Grundsätzlich könne die Einspruchsfrist laut OLG Karlsruhe bis zum letzten Tag ausgenutzt werden, allerdings sollten Rechtsanwälte und Rechtsanwältinnen eine ausreichende Zeitreserve einplanen.
Was Anwältinnen und Anwälte aus diesem Urteil mitnehmen können:
- Flexibilität bei beA-Störungen: Bei einer technischen Störung des beA sind Sie nicht automatisch verpflichtet, alternative Übermittlungswege wie Fax oder Computerfax bereitzuhalten.
- Zeitreserve einplanen: Sie können die Einspruchsfrist vollständig ausnutzen. Planen Sie jedoch eine Zeitreserve für eventuelle Störungen ein.

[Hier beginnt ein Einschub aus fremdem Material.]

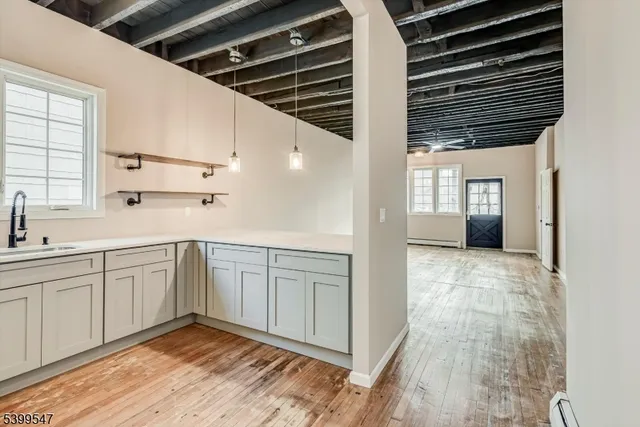 a kitchen with a cabinets and chandelier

- Kein Faxgerät unterwegs notwendig: Auf Dienstreisen sind Sie nicht verpflichtet, ein Faxgerät oder vergleichbare Geräte parat zu haben.
- Risikoübertragung unzulässig: Laut OLG Karlsruhe dürfen technische Risiken der Übermittlung nicht pauschal auf die beA-Nutzer:innen abgewälzt werden.